> [Short text fragments from websites]:
******
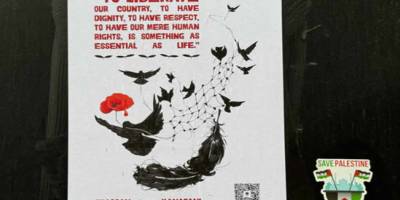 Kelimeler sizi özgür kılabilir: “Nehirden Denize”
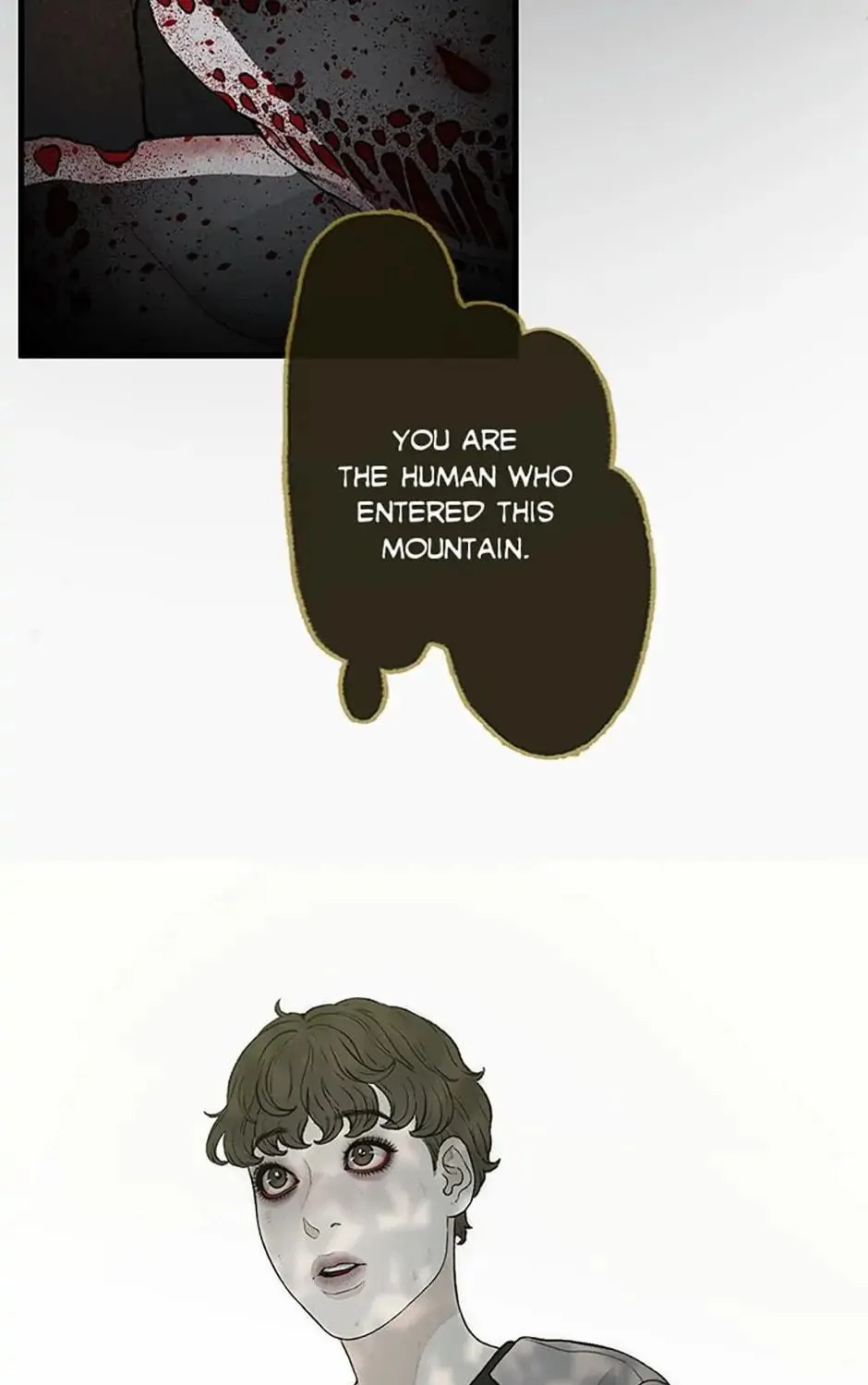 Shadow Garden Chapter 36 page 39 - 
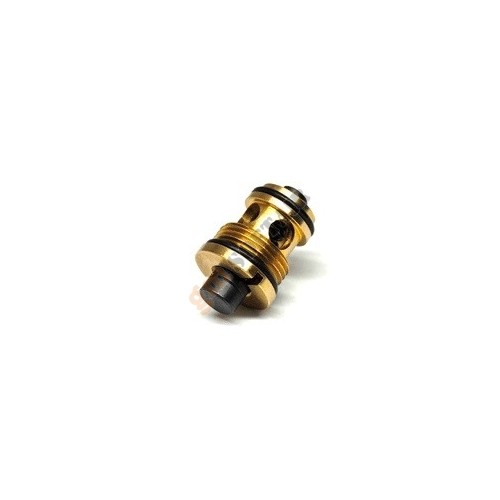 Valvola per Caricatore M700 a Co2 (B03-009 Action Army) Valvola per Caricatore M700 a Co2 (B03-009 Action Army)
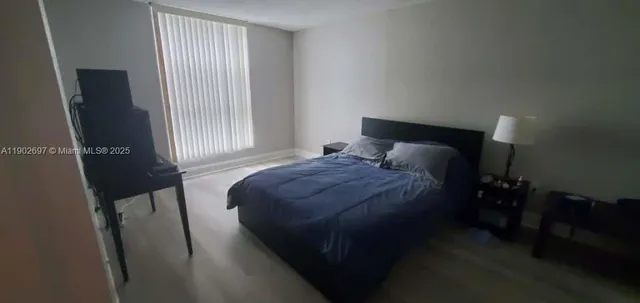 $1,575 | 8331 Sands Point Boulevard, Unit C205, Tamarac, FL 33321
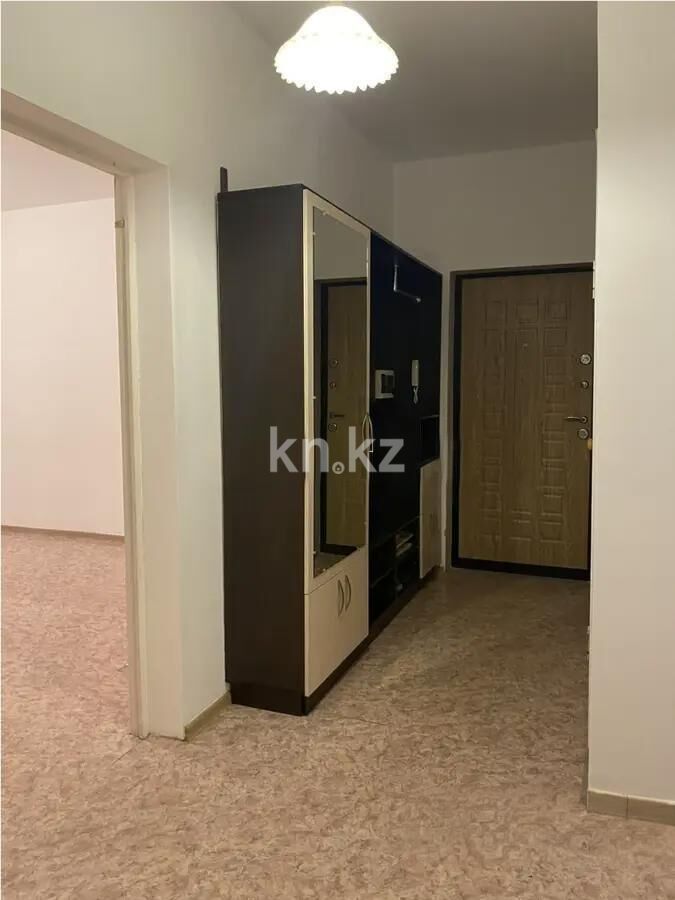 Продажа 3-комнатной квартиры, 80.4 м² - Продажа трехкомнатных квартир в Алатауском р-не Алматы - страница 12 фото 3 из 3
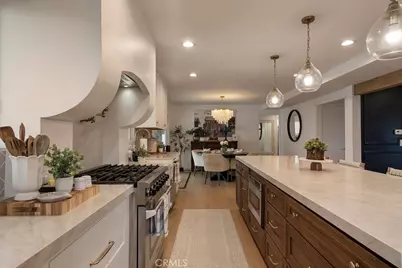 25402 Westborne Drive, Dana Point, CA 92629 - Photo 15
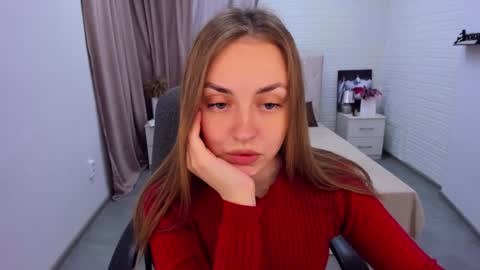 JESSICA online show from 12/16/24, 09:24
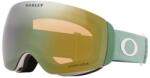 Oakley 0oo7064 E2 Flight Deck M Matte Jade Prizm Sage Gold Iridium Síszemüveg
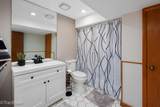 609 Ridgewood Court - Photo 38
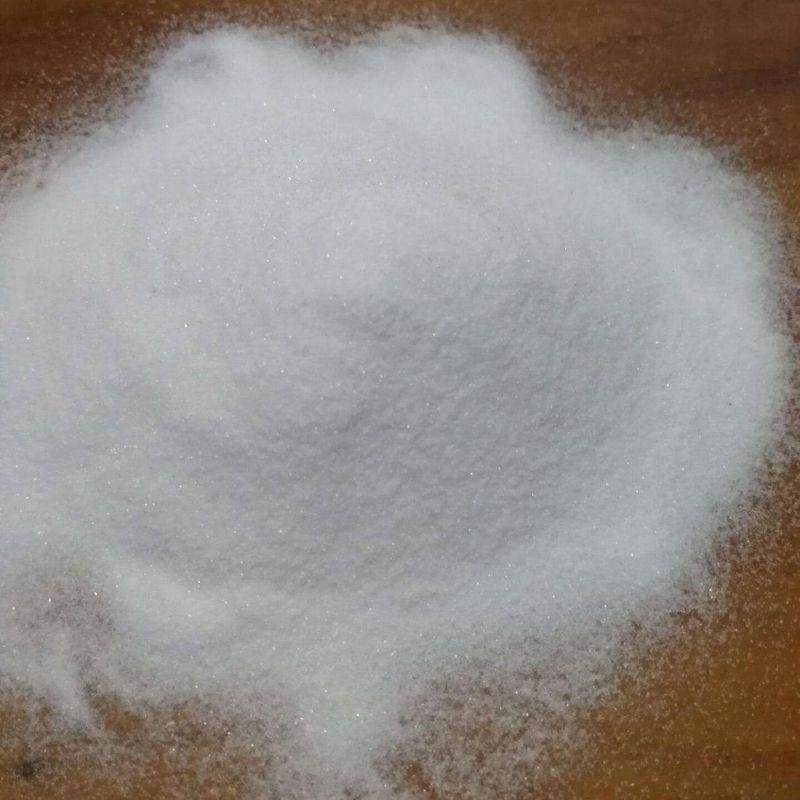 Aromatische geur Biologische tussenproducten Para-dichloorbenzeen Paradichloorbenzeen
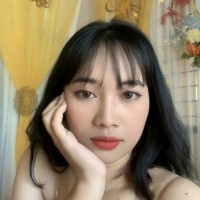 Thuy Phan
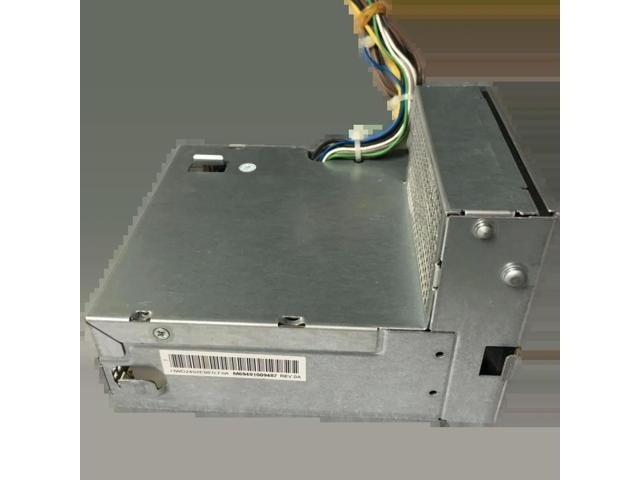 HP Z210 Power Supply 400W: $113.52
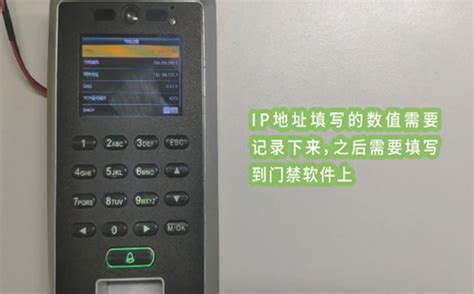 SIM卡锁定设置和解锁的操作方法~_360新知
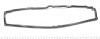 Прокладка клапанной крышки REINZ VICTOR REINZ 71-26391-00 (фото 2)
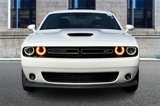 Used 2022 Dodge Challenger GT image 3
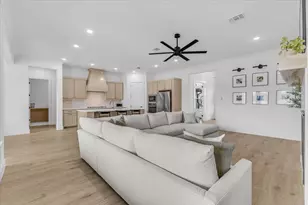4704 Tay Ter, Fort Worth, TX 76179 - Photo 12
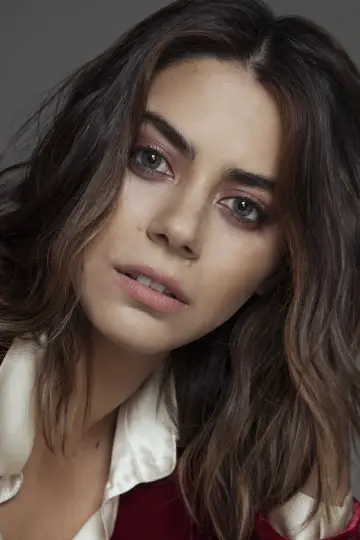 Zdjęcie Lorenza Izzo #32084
******
> [WORK TO BE COMPLETED]: In the records above, find the line containing "609 Ridgewood Court - Photo 38", then please restate it and each line after it word for word, pictures excluded.

> [RESULT]:
 609 Ridgewood Court - Photo 38
 Aromatische geur Biologische tussenproducten Para-dichloorbenzeen Paradichloorbenzeen
 Thuy Phan
 HP Z210 Power Supply 400W: $113.52
 SIM卡锁定设置和解锁的操作方法~_360新知
 Прокладка клапанной крышки REINZ VICTOR REINZ 71-26391-00 (фото 2)
 Used 2022 Dodge Challenger GT image 3
4704 Tay Ter, Fort Worth, TX 76179 - Photo 12
 Zdjęcie Lorenza Izzo #32084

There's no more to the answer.